Dear Food Fanatic, How lucky you are- I have answers to both your questions. Gina's recipe for Party Rolls is in the Sea Cliff Civic Association Progressive Dinner Cookbook. I have served these many times and always to rave reviews. Now let's get to that good book for you: THE COOKBOOK COLLECTOR by Allegra Goodman. Two sisters, so alike so different…. Emily is the CEO of a Silicon Valley startup firm and Jess is a doctoral student in philosophy at Berkeley. The women lead parallel lives, each devoted to the other, each baffled by the other's choices in men, clothes, food, whatever. While there is much discussion of restaurants, favorite dishes, and family recipes, the underlying theme is one of substitution.
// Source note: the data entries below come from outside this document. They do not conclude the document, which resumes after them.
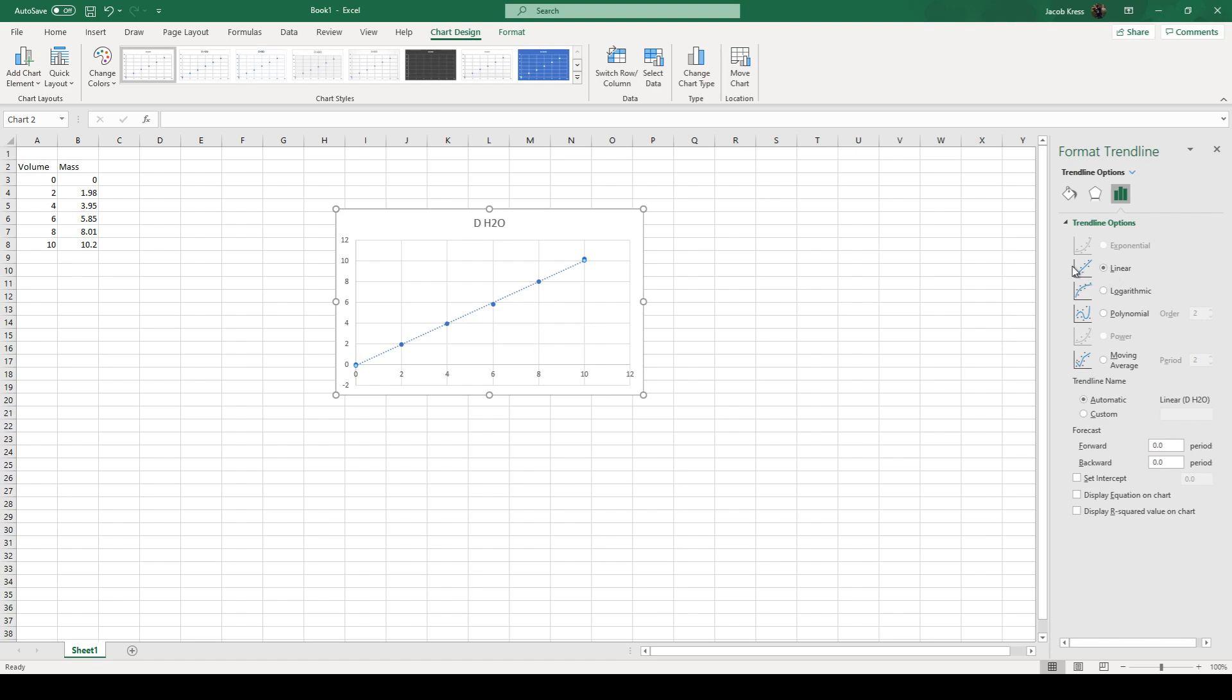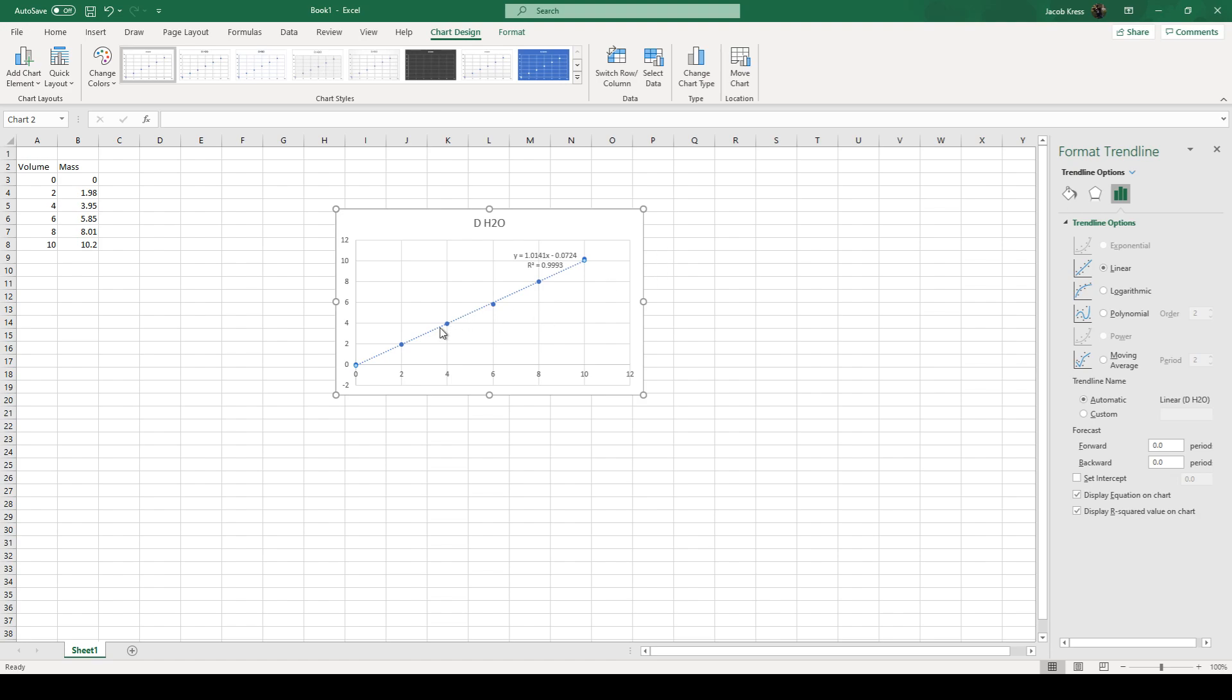We want to make sure it's linear because this is a linear series. We want our equation of the line that it gives us to give us a slope that rise over run. So we're going to go display equation on chart. And a good habit to get into is to display r squared value on chart.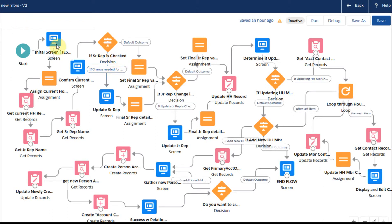In the first videos we talked about a high-level overview of what this flow does, then we talked about version control. Now I want to talk specifically about debug and run, and how we'd launch this thing.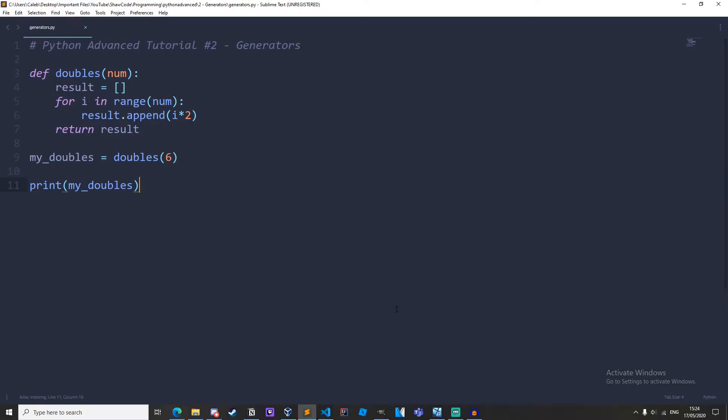Hello everyone, welcome back to Shawcode. In this video I will be teaching you what generators are and how to use them.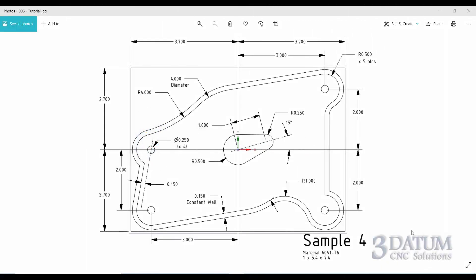We're going to move more quickly through the remaining milling exercises. Both of the next two exercises are good examples of freeform geometry, starting with sample 4. We see three things that need to be drawn: an island in the middle of the pocket, the pocket itself, and the outer shape of the part. This rectangular shape just represents our stock — it's not actually part of the part.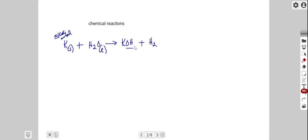We put some subscripts in here as well to designate the nature of each of these products and reactants. So let's just balance this out.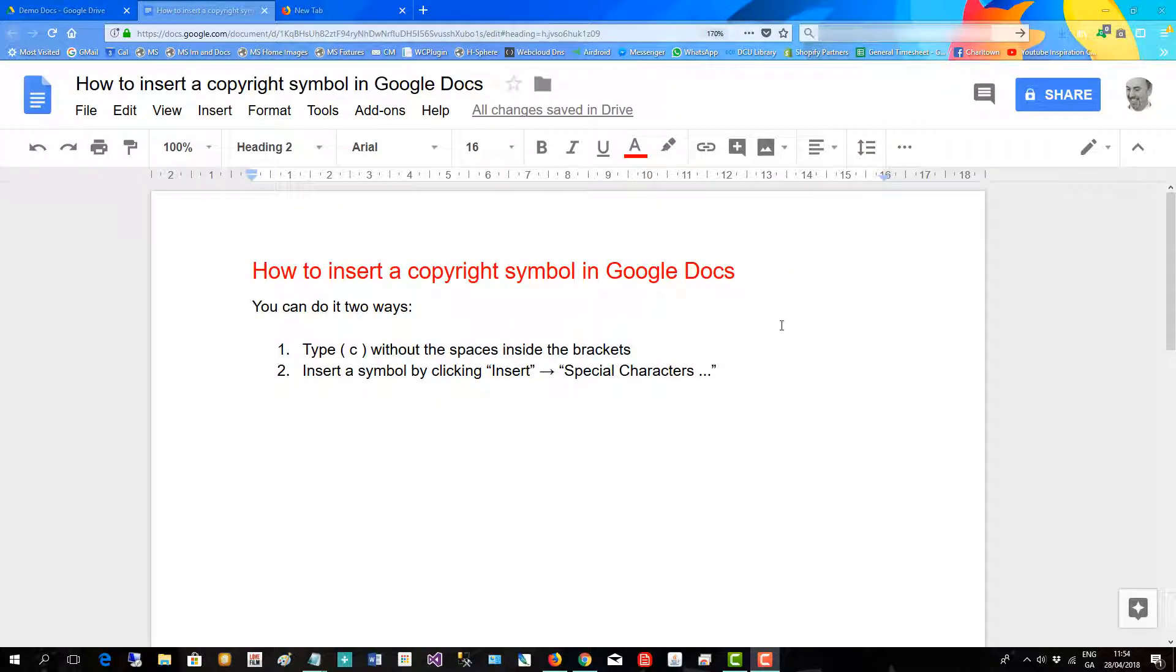This is a very short video showing you how to insert a copyright symbol in Google Docs. You can do it two ways.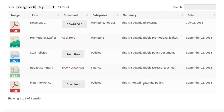To do everything in this tutorial you need the WordPress Download Manager plugin and the Post Table Pro plugin. Use the two plugins together exactly as described to create your own document library. Thanks for watching.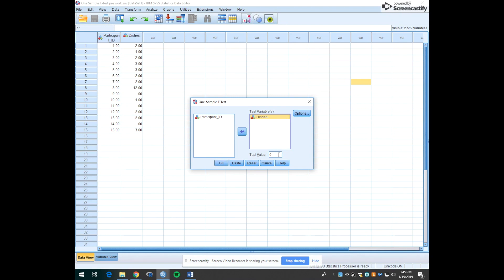This test value box is asking for the population mean that we're comparing our sample mean to. In this case, the Mount Holyoke population average is five dishes, so we're going to type in a five here.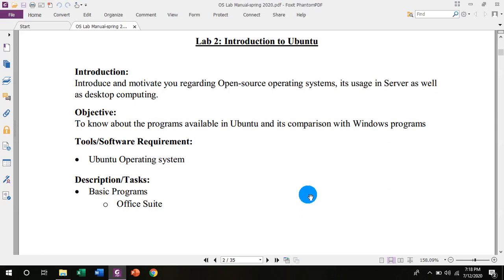Today we are going to discuss Lab 2, that is introduction to Ubuntu. In this lab we will discuss Ubuntu and its installation.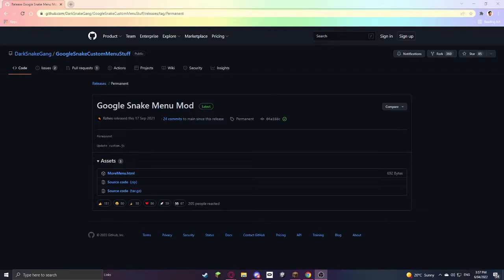In this video I'm going to show you how to get Snake game mods. Go to the description and find the GitHub page.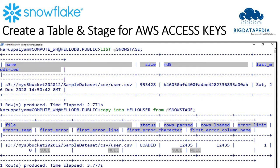Once you create the stages successfully, you can verify using list command. While you execute this command, you have to declare your stage name with at the right symbol.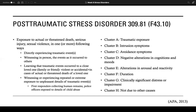Marked alterations of arousal and reactivity are evidenced by two or more of the following: difficulty falling or staying asleep, reckless or self-destructive behavior, irritability, difficulty concentrating, hypervigilance, and exaggerated startle response. Treatment approaches involve a combination of medications and psychotherapy.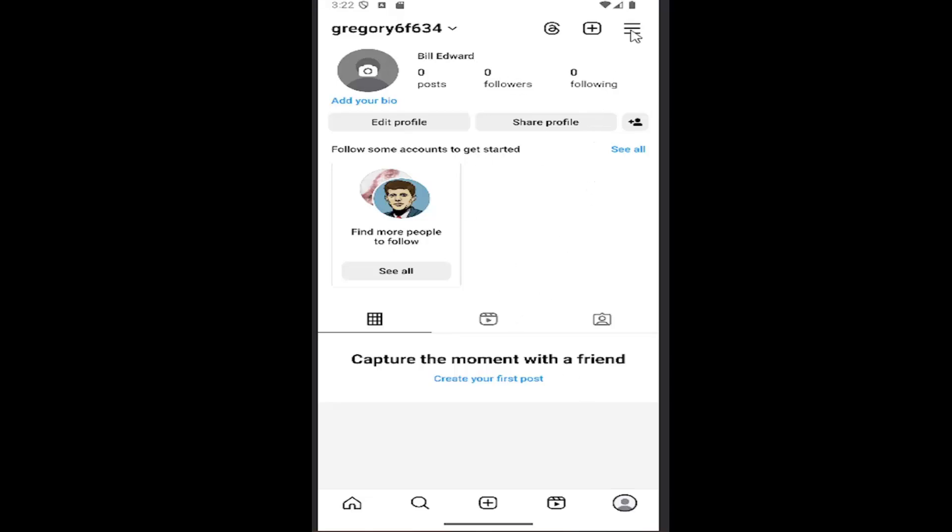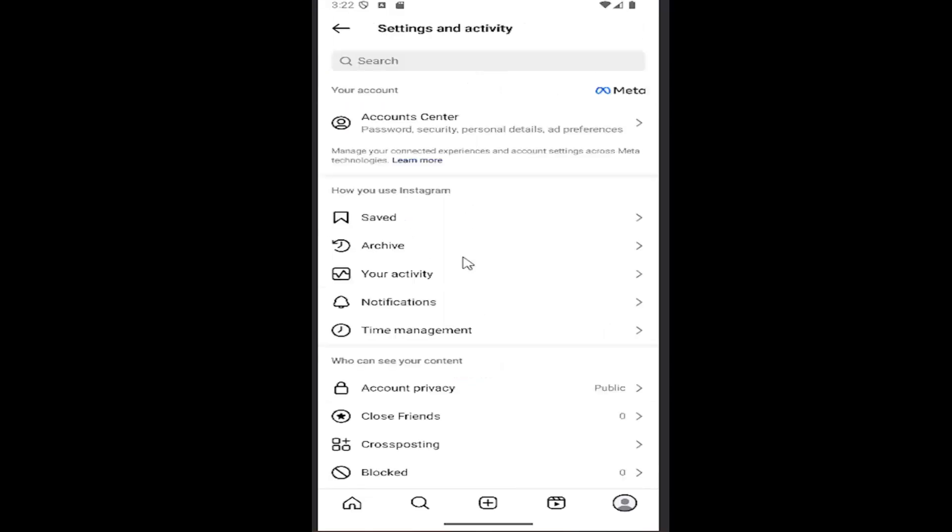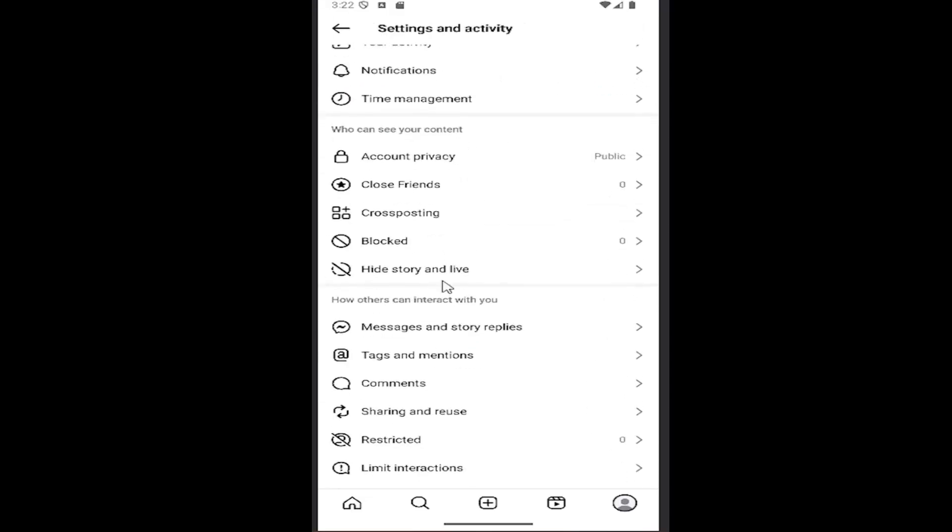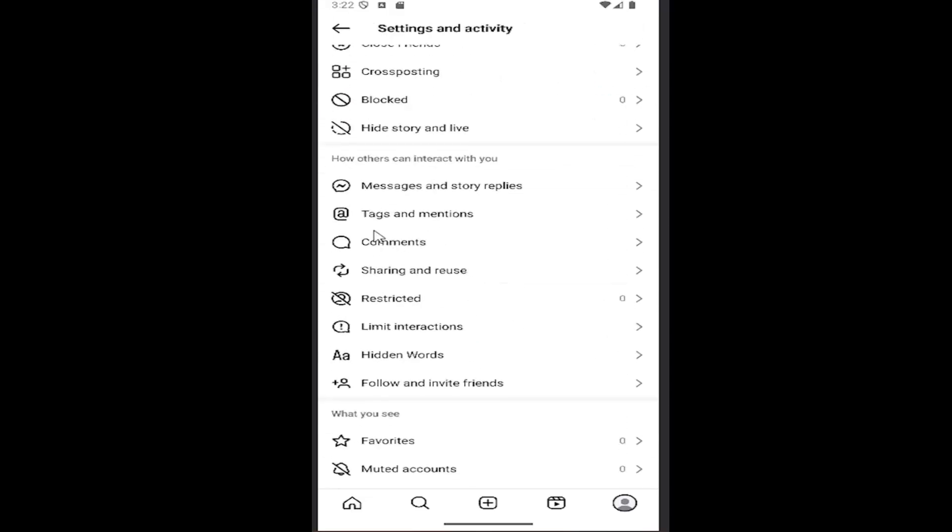Then select the hamburger icon in the top right, and then scroll down underneath where it says how others can interact with you and select where it says hidden words.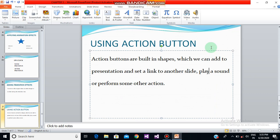Action buttons are built-in shapes which you can add to a presentation and set a link to another slide, play a sound, or perform some other action. You can also assign actions to clip art, pictures, or text in SmartArt graphics.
The sisters substitute reading cookbooks for cooking (how many of us are guilty of that one?), collecting instead of using, starting instead of finishing. The characters that surround them: parents dead and alive, lovers, friends, and yes, a pair of rabbis, all add to this richly colorful tale. The sisters' adventures crisscross the country from Boston to L.A. giving us insight into life on both coasts, into the worlds of technology and academia, all of this with a touch of mysticism thrown in. Definitely there is food for thought in this book!

Thursday, March 3, 2011

Dear Great Book Guru, I was at the Sea Cliff Bistro yesterday afternoon having my daily cappuccino when a group of people began discussing a book they were reading for their book group. It was about modern India and the hero was a murderer. Does this sound familiar? Cappuccino / Latte Lover

Dear Cappuccino/ Latte Lover, Don't you just adore the Sea Cliff Bistro -everyone calls it Lily's after its talented and gracious owner. The perfect spot for a late afternoon treat! I was there this weekend, when Greta Gorder and Michael and Diane Biolsi came in for their lattes. Diane and Greta, in fact, are reading the very book you are asking about- WHITE TIGER by Aravind Adiga This is a very disturbing look into the mind of the clever but amoral entrepreneur Balram Halwai who came from the "darkness" as he calls his rural village into the "lightness" which is the sophisticated, upscale Indian city where he now lives and works. The novel takes the form of letters in which Halwai recounts his determination to rise above his impoverished beginnings - to be the white tiger that appears once in a generation. He realizes that society views him and others of his class as its rubbish, its throwaways. The killing of his employer which is mentioned on the first page of the book is not a violent act prompted by hatred or passion, but a calculated gesture meant to insure a good life for himself. The reader is left conflicted: can one condemn a man who feels life is simply a contest in which one is the eater or the eaten?